PROBLEM STATEMENT :: All lines from the one with "this 1125×750 image." through the last line of the data below should be copied exactly; please add nothing.

### MATERIAL SUPPLIED

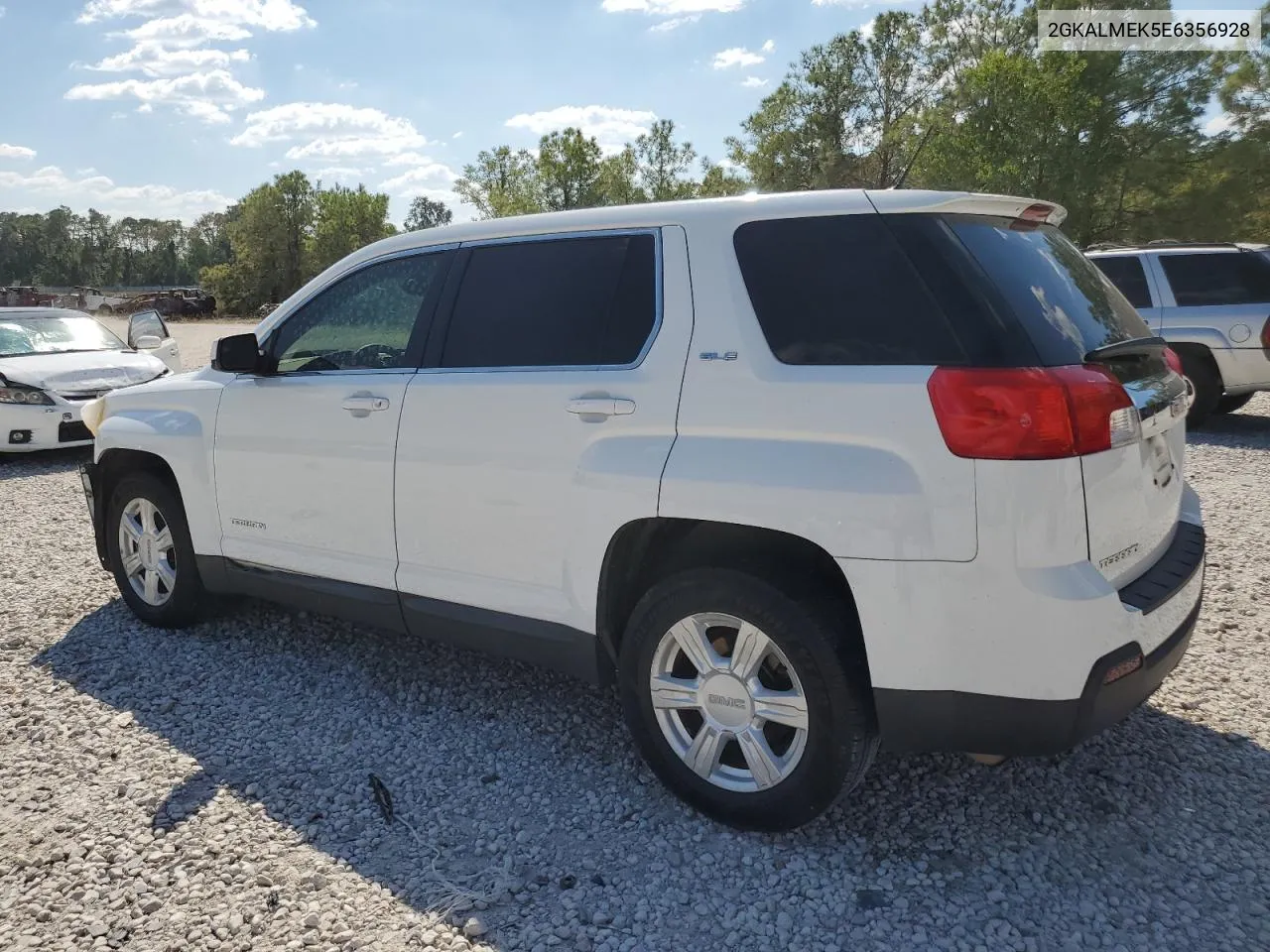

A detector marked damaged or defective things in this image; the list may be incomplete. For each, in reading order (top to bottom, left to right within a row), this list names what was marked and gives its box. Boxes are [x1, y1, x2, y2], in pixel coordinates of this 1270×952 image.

damaged white sedan [1, 306, 182, 451]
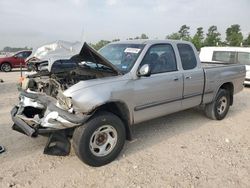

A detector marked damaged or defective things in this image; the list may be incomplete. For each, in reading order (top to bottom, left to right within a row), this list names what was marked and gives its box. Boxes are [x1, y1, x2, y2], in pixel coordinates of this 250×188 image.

damaged front end [11, 89, 91, 156]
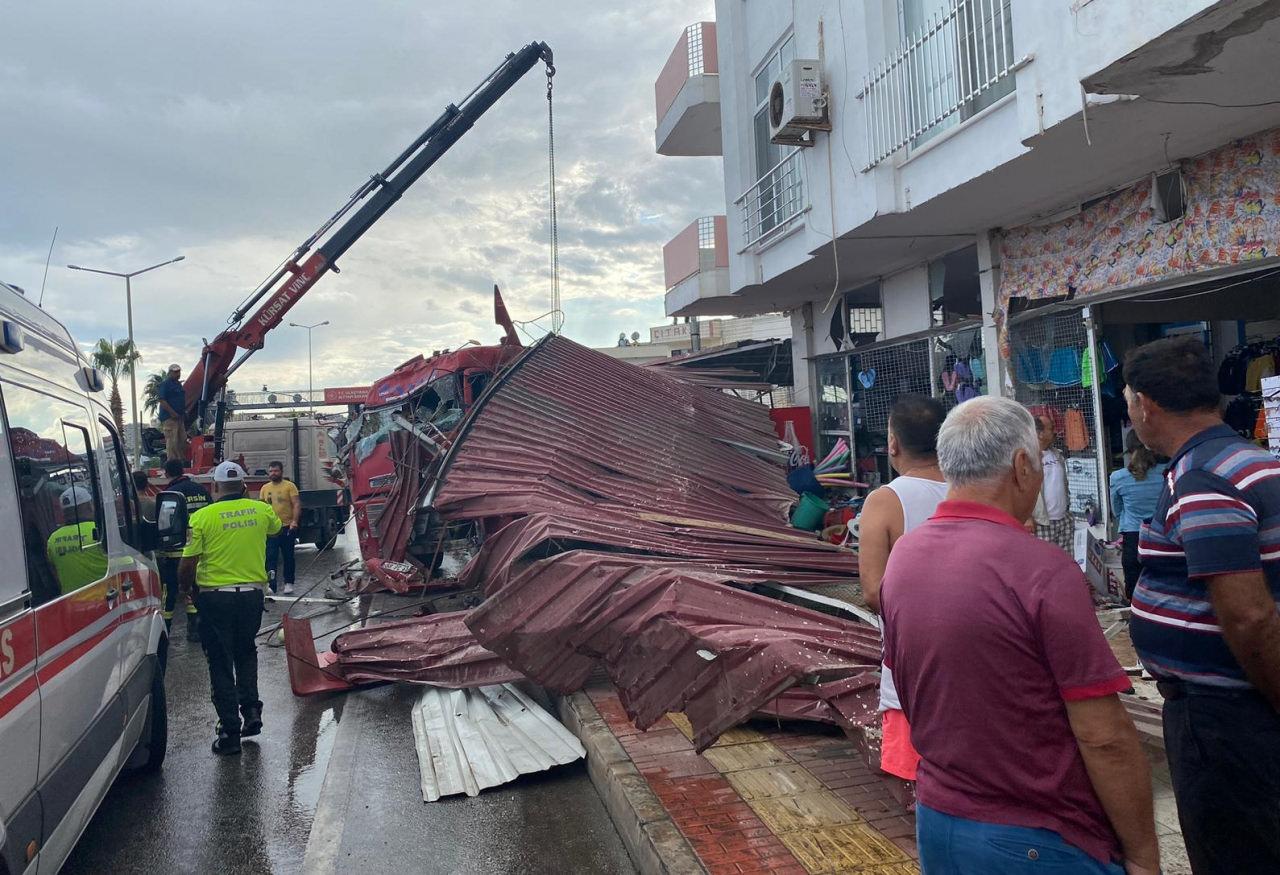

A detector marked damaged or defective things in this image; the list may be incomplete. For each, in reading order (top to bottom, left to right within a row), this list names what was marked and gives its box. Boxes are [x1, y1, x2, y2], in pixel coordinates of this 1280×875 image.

damaged vehicle cab [0, 282, 186, 875]
crumpled metal roofing [410, 680, 584, 804]
crashed truck [284, 328, 884, 752]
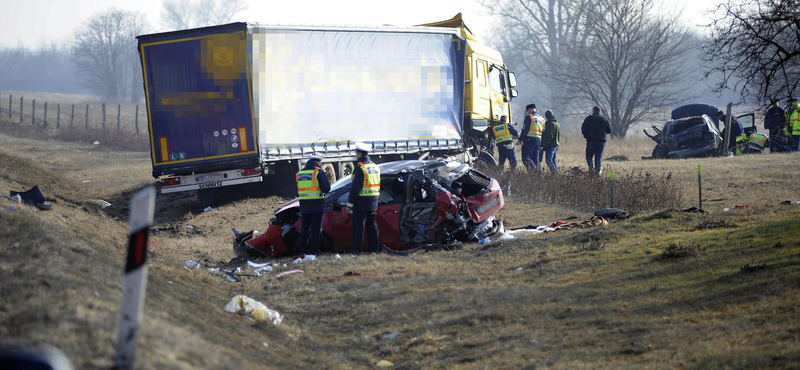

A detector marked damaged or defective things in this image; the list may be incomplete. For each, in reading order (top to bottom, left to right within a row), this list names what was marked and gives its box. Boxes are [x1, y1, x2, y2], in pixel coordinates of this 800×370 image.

damaged vehicle [644, 103, 756, 158]
crushed red car [234, 159, 504, 258]
damaged vehicle [236, 159, 506, 258]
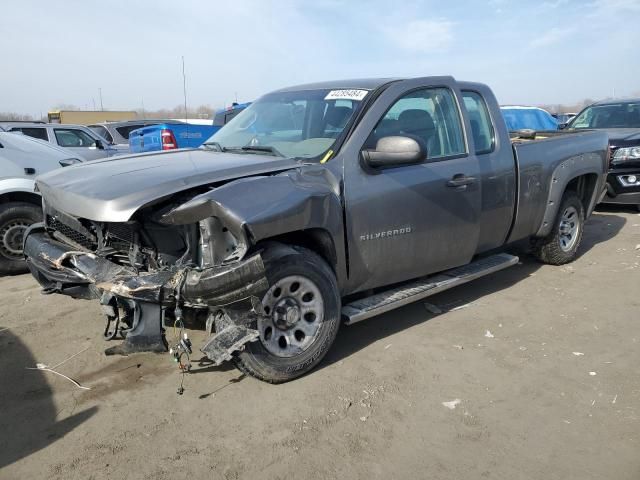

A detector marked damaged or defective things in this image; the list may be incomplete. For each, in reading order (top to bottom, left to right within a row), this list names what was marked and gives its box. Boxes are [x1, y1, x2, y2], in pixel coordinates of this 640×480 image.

crushed front bumper [23, 225, 268, 360]
bent hood [36, 148, 302, 221]
damaged chevrolet silverado [21, 77, 608, 382]
cracked headlight [612, 147, 640, 164]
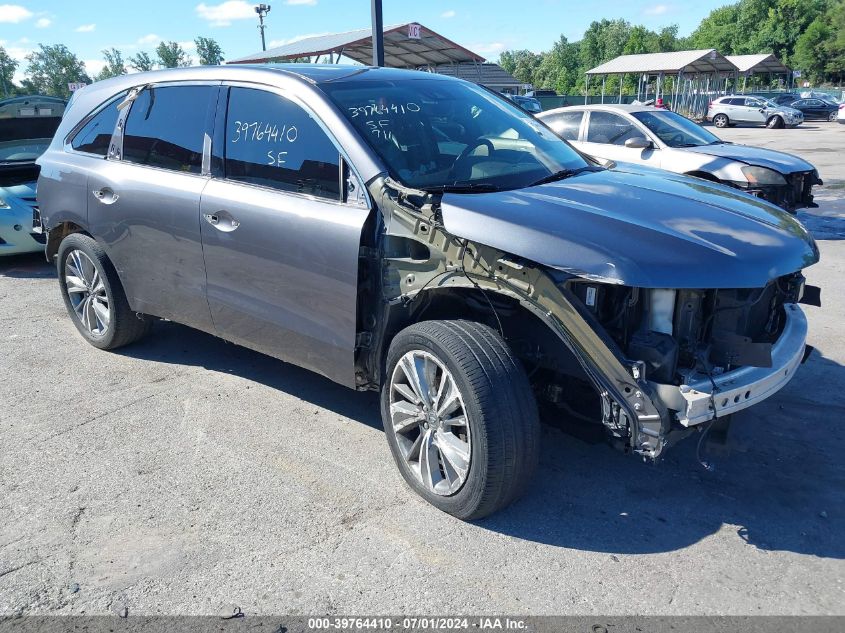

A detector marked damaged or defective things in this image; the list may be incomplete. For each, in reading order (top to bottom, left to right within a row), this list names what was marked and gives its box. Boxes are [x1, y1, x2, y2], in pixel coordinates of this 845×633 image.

damaged hood [684, 142, 816, 174]
damaged hood [442, 165, 816, 288]
damaged gray suv [38, 65, 816, 520]
detached front bumper [648, 304, 808, 428]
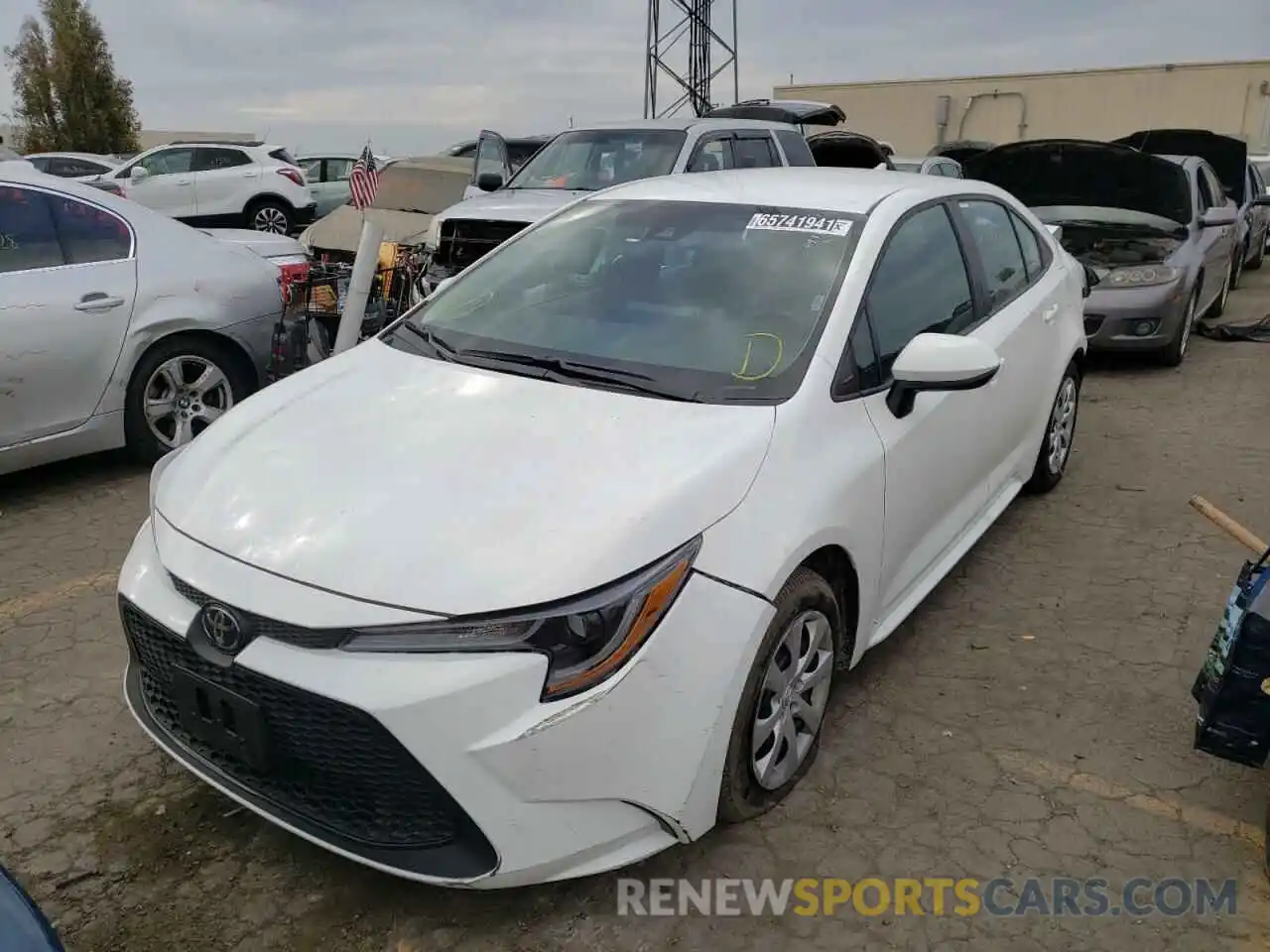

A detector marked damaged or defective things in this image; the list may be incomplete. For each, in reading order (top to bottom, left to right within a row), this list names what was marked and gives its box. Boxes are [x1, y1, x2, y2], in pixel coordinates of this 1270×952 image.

white car with damaged front [119, 167, 1086, 893]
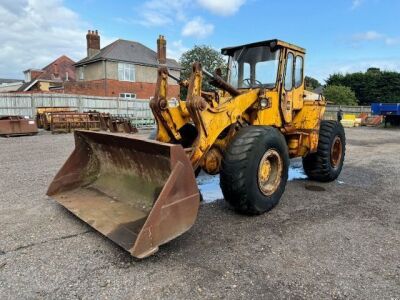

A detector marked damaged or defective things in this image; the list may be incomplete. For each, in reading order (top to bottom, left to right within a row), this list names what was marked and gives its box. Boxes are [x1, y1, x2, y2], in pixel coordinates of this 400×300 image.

rusty metal surface [0, 116, 37, 137]
rusty metal surface [47, 130, 200, 258]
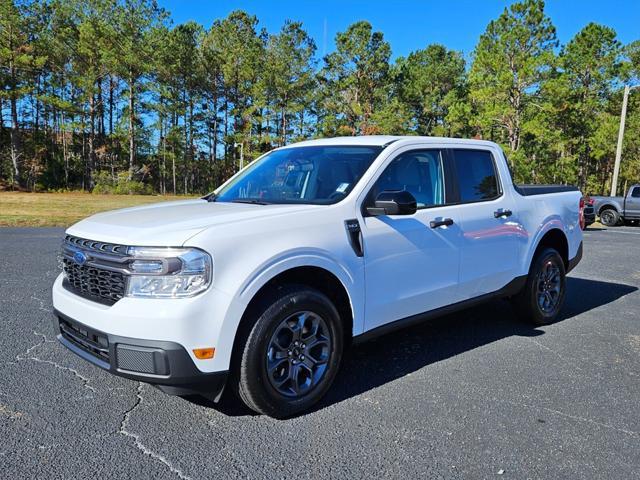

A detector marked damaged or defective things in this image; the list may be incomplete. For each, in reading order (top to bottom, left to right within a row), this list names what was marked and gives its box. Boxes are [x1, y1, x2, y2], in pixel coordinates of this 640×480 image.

parking lot crack [118, 382, 192, 480]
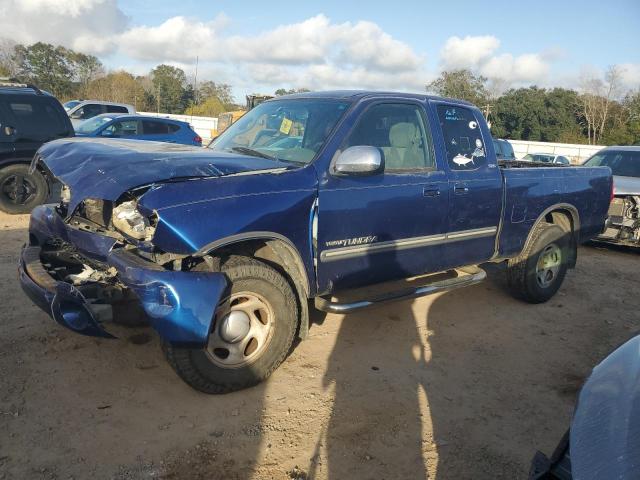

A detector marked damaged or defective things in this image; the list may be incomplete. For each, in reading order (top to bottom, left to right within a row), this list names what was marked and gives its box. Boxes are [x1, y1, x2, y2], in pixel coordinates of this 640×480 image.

broken headlight [112, 201, 156, 242]
crumpled hood [36, 137, 292, 212]
damaged front end [600, 196, 640, 248]
crumpled hood [612, 175, 640, 196]
damaged front end [20, 186, 228, 346]
crumpled hood [568, 334, 640, 480]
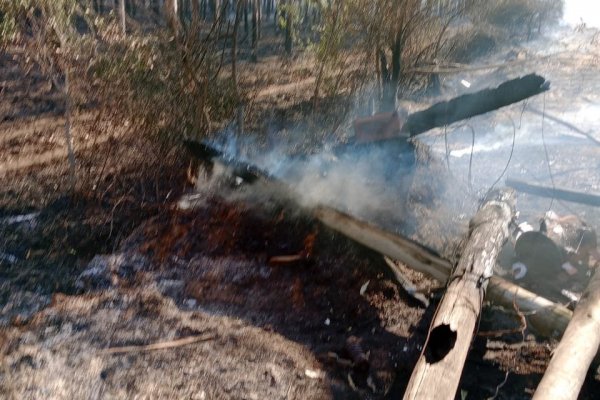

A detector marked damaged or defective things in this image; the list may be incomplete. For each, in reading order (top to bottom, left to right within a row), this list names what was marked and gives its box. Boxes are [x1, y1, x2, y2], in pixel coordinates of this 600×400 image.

burned wooden beam [404, 74, 548, 137]
burned wooden beam [508, 179, 600, 208]
burned wooden beam [400, 190, 512, 400]
burned wooden beam [532, 268, 600, 400]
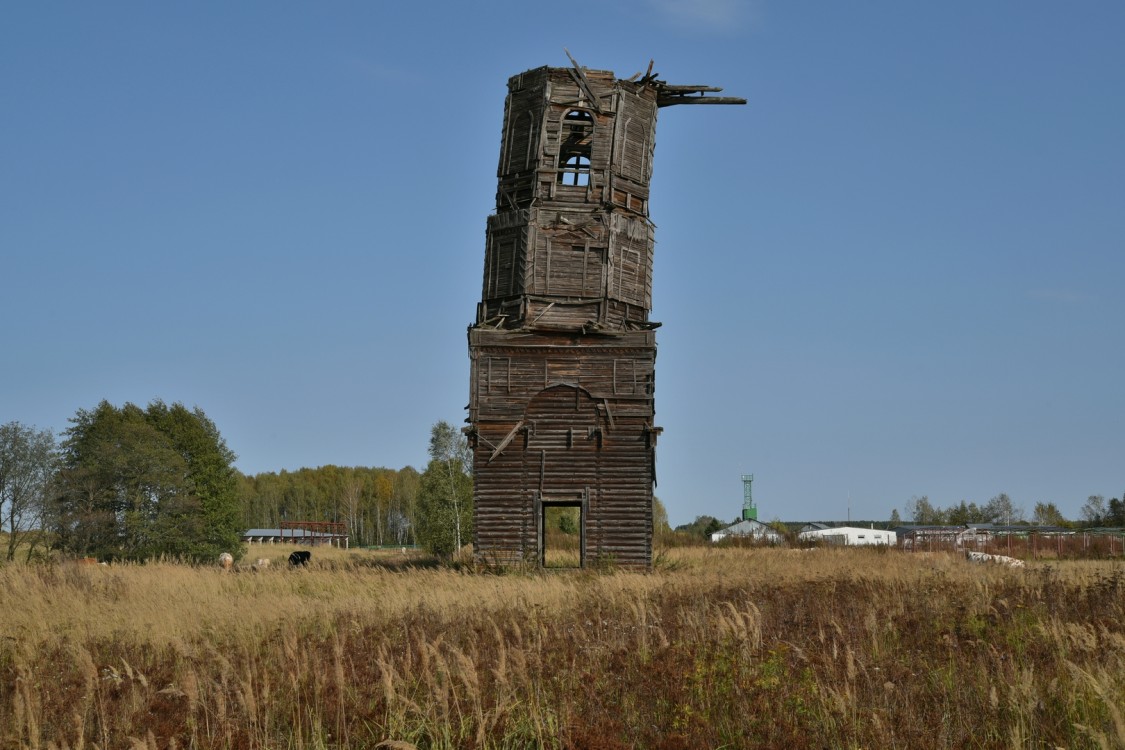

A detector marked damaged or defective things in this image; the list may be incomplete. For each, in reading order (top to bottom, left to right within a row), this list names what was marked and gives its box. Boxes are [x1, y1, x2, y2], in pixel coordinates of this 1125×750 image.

broken timber [470, 58, 748, 568]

######

TASK RESULT ::
A detector marked damaged or defective things in this image; the list may be incomplete. For each, in reading order (top to bottom, left to right within a row), this list names what was marked and gives its box. Boxes are [x1, y1, x2, y2], in pixel coordinates of this 1125×750 image.

broken timber [470, 58, 748, 568]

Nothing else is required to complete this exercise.